> **ASSIGNMENT**:
Leaving out pictures, output exactly the lines below from the one that has "Studio / γκαρσονιέρα" through the one that has "UNIFORM-Agri", and nothing else.

> **DATA FOR THIS TASK**:

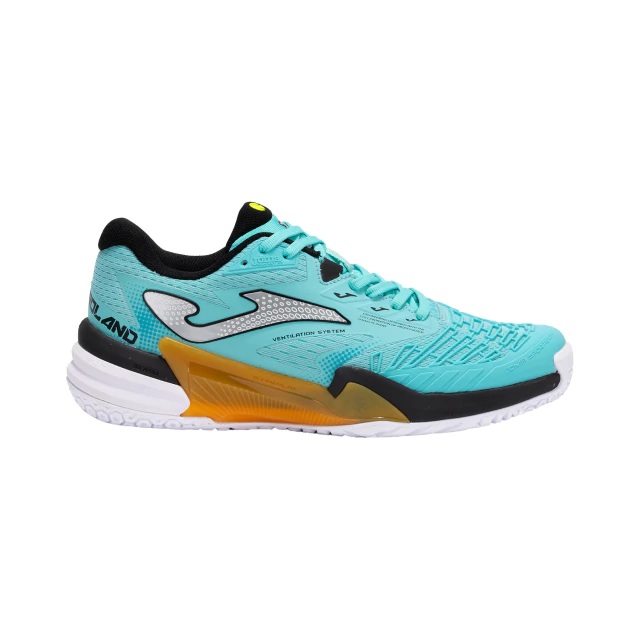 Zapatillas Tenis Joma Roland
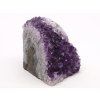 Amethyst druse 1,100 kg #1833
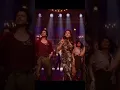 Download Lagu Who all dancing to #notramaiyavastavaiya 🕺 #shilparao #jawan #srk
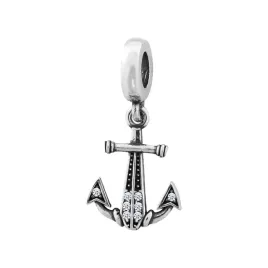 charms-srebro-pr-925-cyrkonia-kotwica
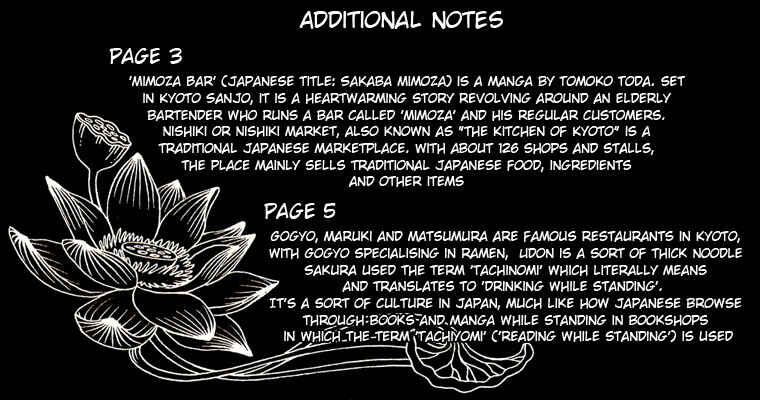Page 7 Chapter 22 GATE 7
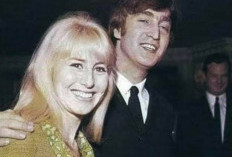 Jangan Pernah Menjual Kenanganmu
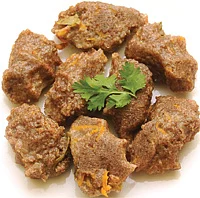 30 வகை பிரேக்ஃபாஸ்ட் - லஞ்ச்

==

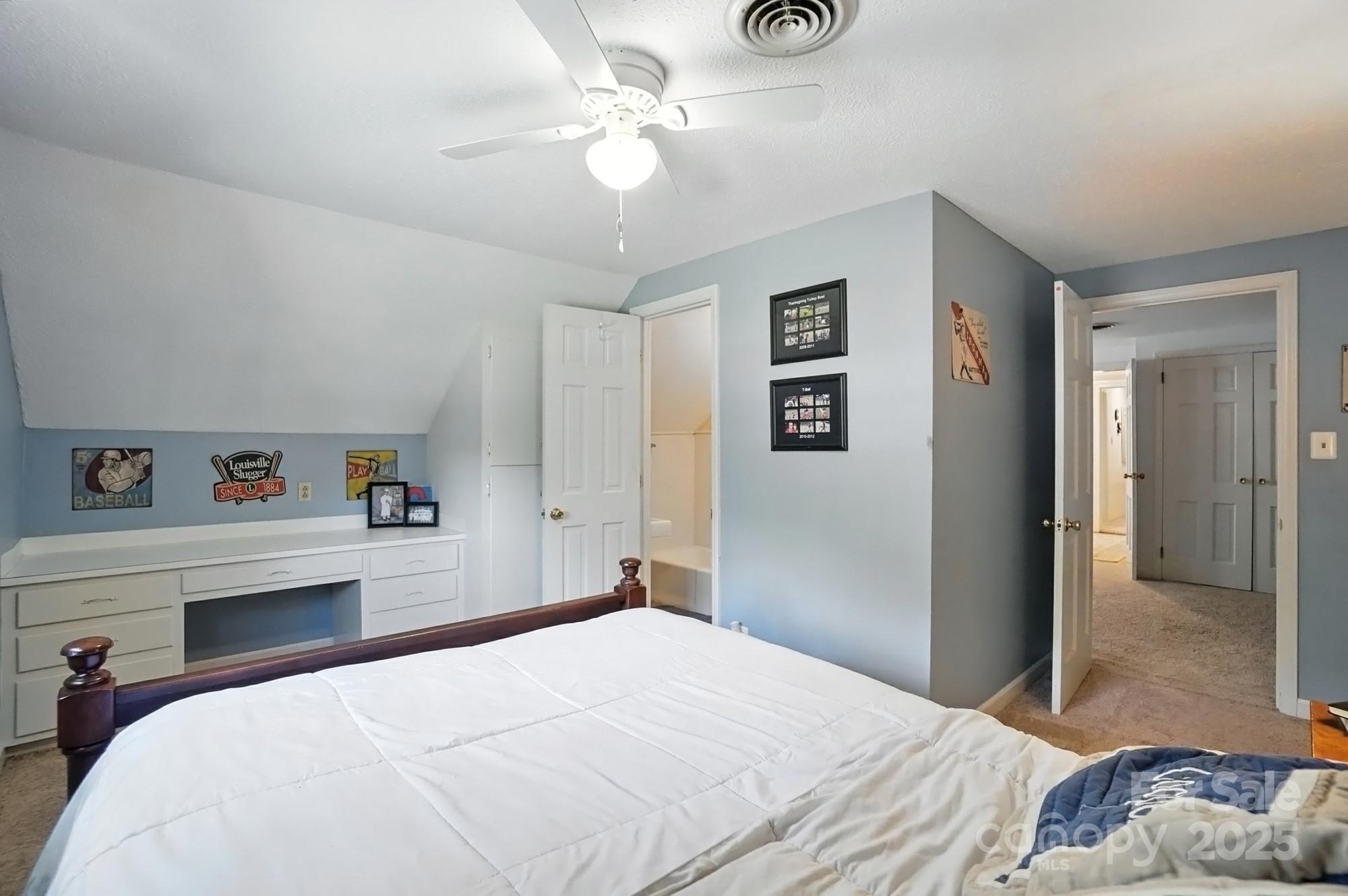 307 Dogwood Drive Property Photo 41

---

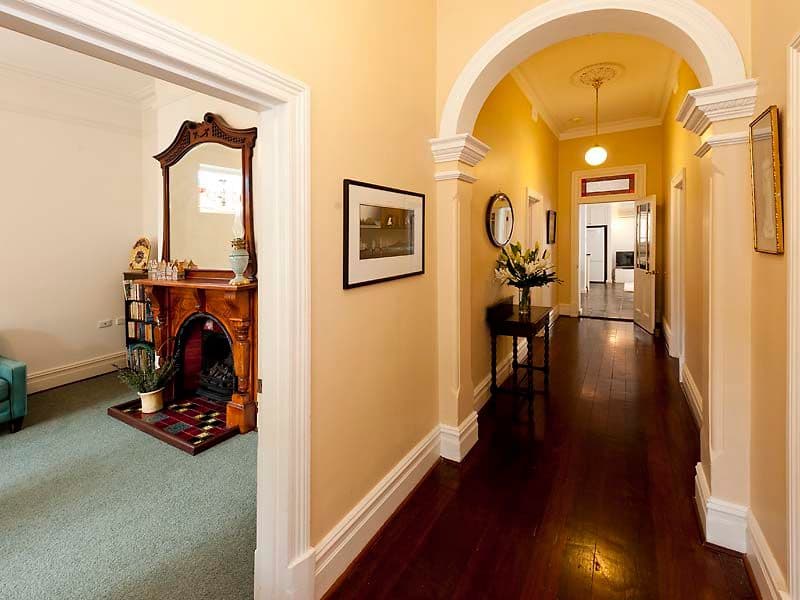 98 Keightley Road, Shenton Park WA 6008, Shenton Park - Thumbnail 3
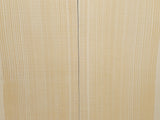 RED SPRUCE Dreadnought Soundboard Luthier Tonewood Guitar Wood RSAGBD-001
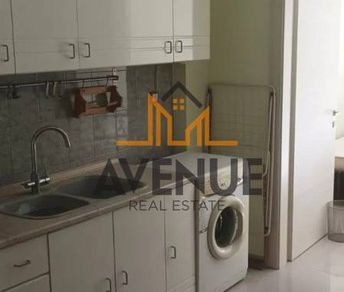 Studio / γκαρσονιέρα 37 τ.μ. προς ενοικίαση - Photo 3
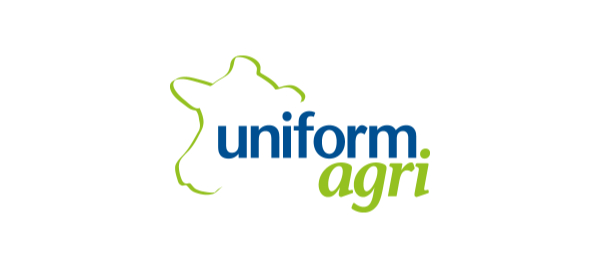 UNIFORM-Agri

> **SOLVED PROBLEM**:
 Studio / γκαρσονιέρα 37 τ.μ. προς ενοικίαση - Photo 3
 UNIFORM-Agri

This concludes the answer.